[WORK ORDER] What you should give back is a precise copy of the lines below from the one containing "When shopping around" through the one containing "Now let's talk", with no pictures.

[ENTRIES SHOWN]
* * *

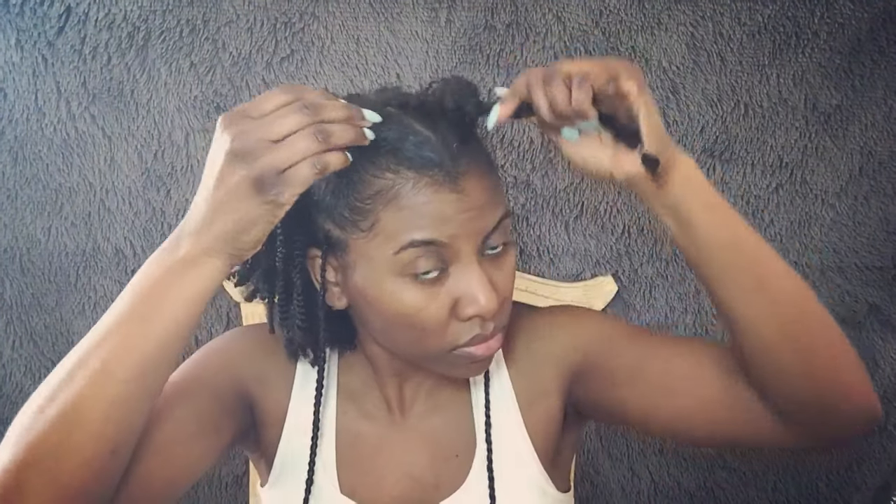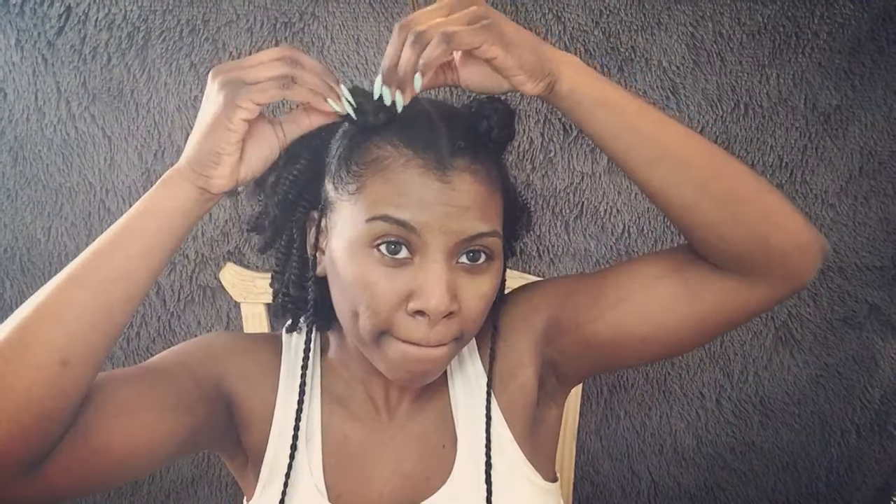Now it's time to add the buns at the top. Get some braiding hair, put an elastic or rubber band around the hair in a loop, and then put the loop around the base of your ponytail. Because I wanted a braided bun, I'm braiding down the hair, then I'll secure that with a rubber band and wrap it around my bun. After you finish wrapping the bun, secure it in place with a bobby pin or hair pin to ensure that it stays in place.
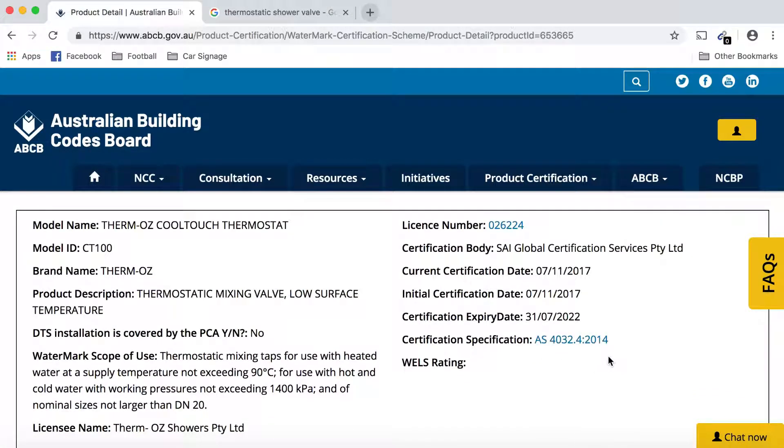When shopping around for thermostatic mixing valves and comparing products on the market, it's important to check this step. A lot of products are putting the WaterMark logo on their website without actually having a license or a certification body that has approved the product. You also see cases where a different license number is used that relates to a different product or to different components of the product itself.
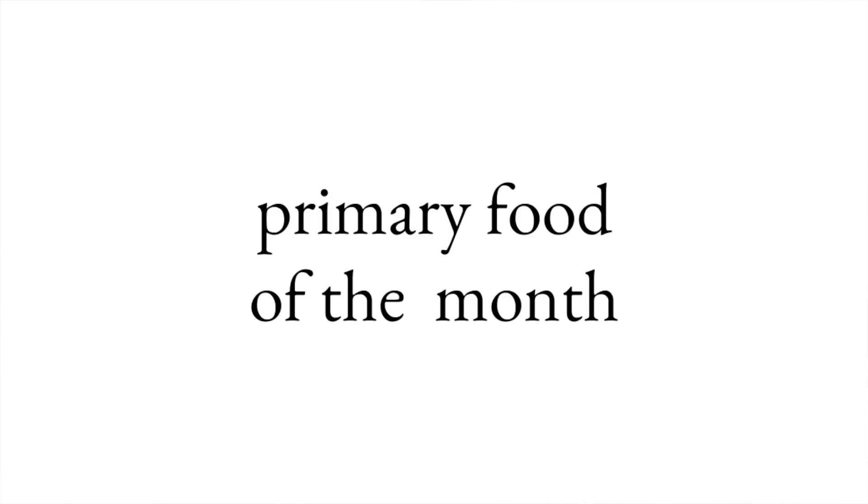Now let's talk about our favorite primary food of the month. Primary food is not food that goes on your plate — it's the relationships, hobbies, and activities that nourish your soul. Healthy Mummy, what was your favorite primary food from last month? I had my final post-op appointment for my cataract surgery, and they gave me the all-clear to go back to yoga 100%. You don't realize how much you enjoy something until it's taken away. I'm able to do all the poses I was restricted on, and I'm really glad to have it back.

* * *

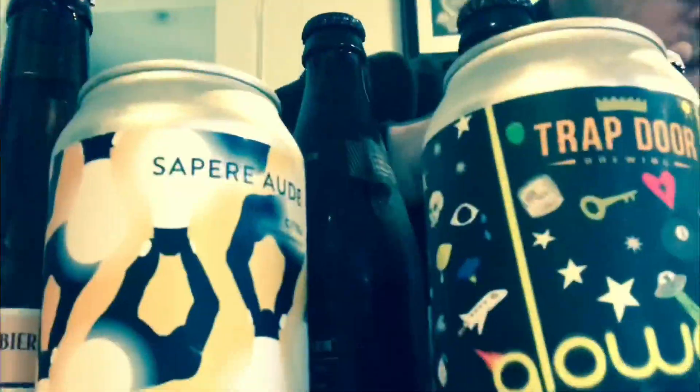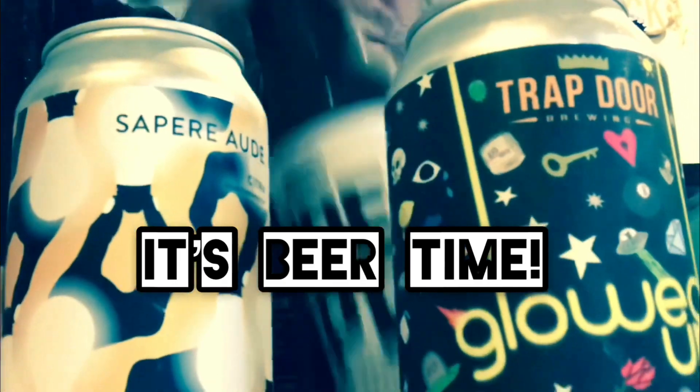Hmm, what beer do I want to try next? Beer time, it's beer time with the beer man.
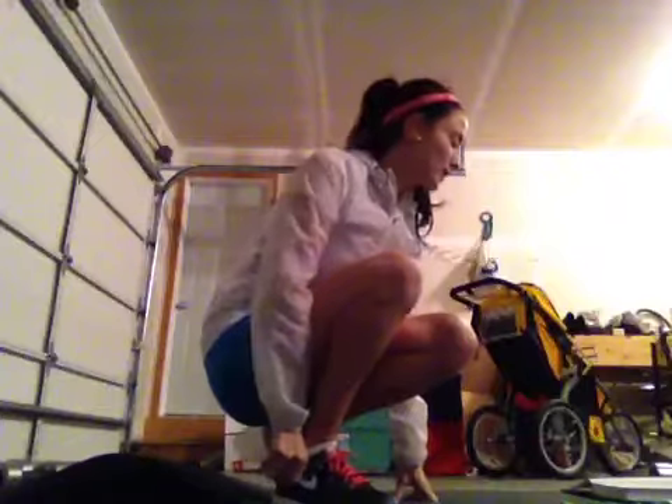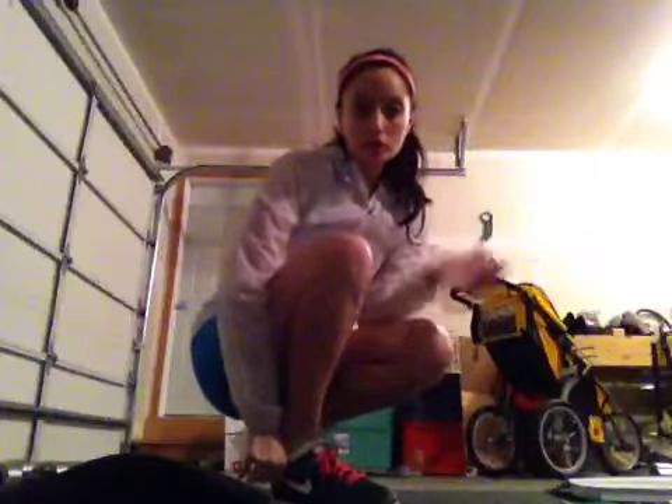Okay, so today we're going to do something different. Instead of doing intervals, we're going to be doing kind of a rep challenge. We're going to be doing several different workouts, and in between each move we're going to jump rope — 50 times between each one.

* * *

[TASK RESULT]
When shopping around for thermostatic mixing valves and comparing products on the market, it's important to check this step. A lot of products are putting the WaterMark logo on their website without actually having a license or a certification body that has approved the product. You also see cases where a different license number is used that relates to a different product or to different components of the product itself.
Now let's talk about our favorite primary food of the month. Primary food is not food that goes on your plate — it's the relationships, hobbies, and activities that nourish your soul. Healthy Mummy, what was your favorite primary food from last month? I had my final post-op appointment for my cataract surgery, and they gave me the all-clear to go back to yoga 100%. You don't realize how much you enjoy something until it's taken away. I'm able to do all the poses I was restricted on, and I'm really glad to have it back.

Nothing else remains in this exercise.